What you are asked to do>
Exactly the lines from the start of the data below through the line that contains "First, let me" are to be copied, with pictures left out.

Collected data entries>

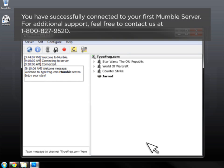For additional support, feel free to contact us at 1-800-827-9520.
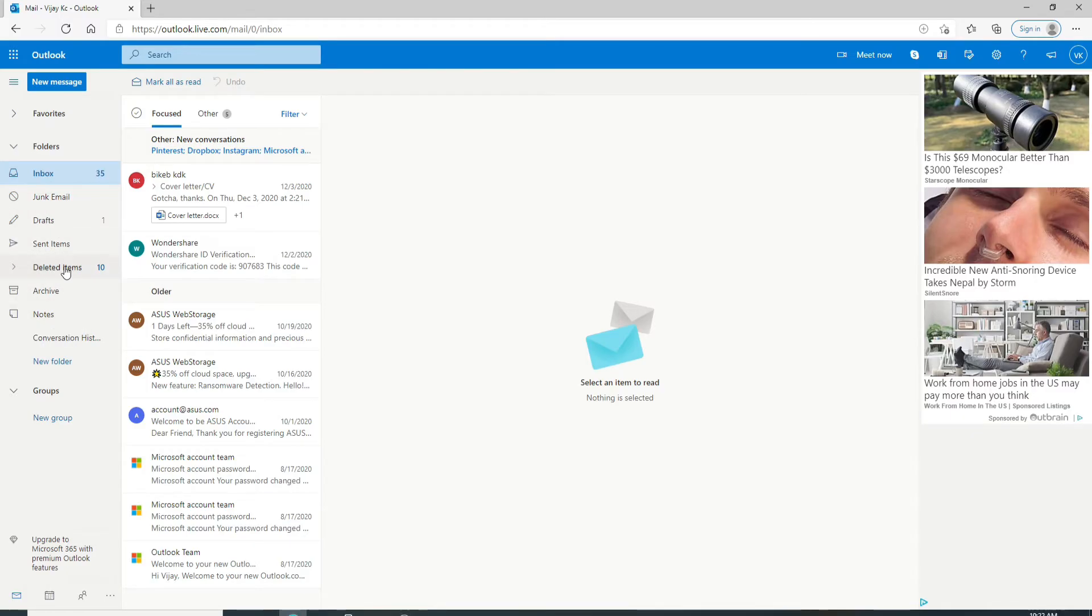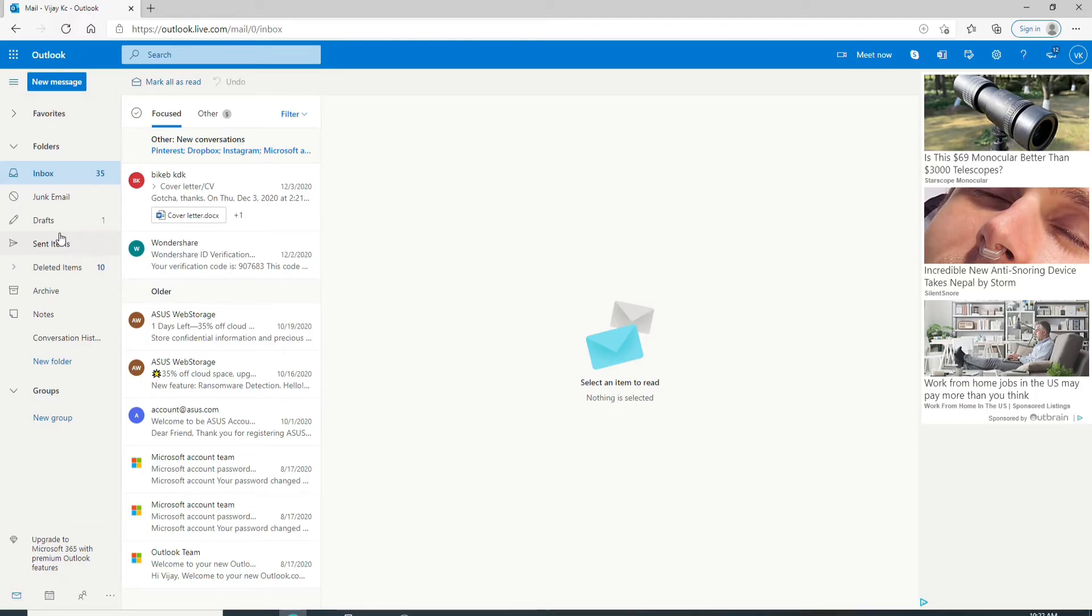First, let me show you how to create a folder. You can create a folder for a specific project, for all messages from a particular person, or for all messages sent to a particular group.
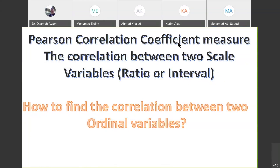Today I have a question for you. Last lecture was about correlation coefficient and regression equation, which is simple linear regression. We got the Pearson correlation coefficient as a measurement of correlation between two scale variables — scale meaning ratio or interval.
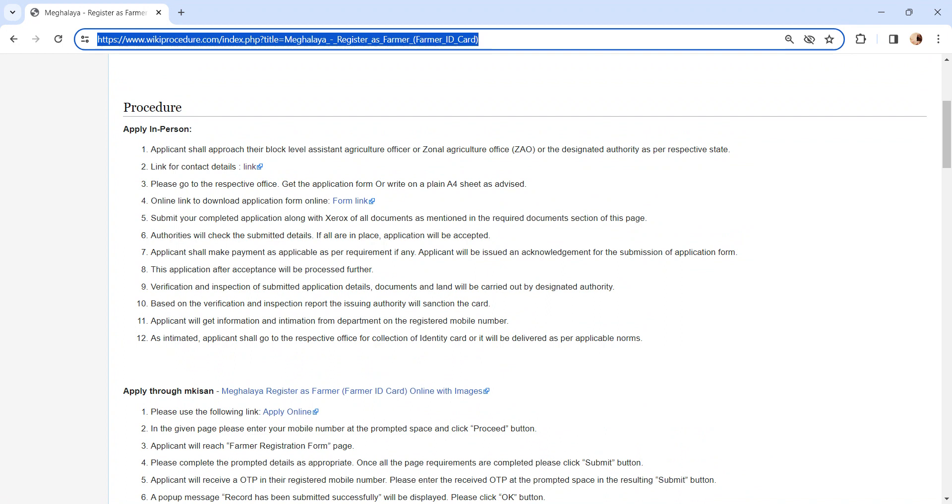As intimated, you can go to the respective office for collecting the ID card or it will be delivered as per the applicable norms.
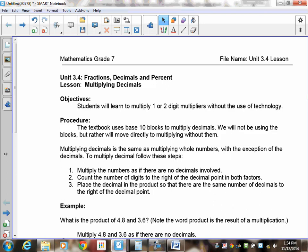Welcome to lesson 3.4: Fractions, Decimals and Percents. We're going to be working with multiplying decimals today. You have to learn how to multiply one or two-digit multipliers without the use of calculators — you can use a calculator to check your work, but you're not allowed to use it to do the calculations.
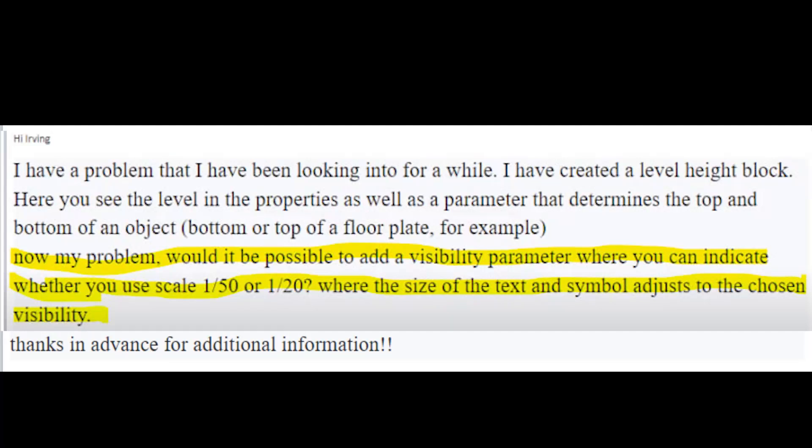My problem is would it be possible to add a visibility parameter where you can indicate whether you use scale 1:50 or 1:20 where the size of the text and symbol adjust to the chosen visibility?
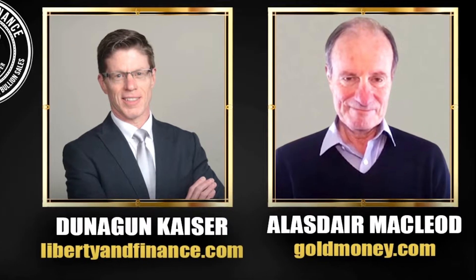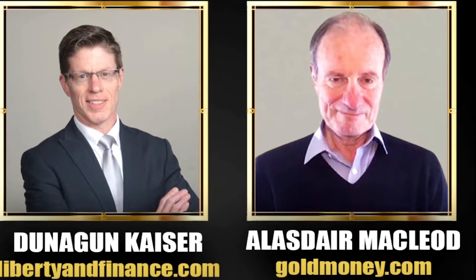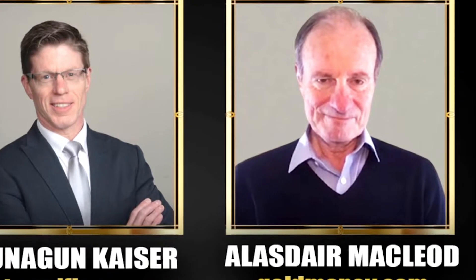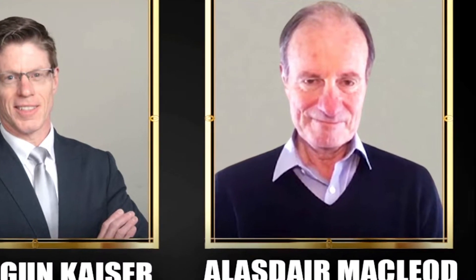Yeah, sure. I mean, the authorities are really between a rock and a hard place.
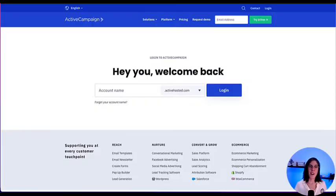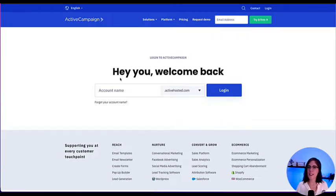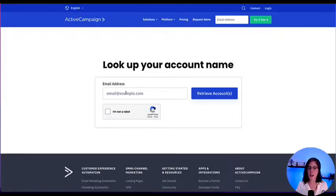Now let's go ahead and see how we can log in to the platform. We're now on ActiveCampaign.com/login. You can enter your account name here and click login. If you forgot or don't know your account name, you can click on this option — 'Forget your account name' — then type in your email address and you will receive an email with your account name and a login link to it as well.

Answer space>
For additional support, feel free to contact us at 1-800-827-9520.
First, let me show you how to create a folder. You can create a folder for a specific project, for all messages from a particular person, or for all messages sent to a particular group.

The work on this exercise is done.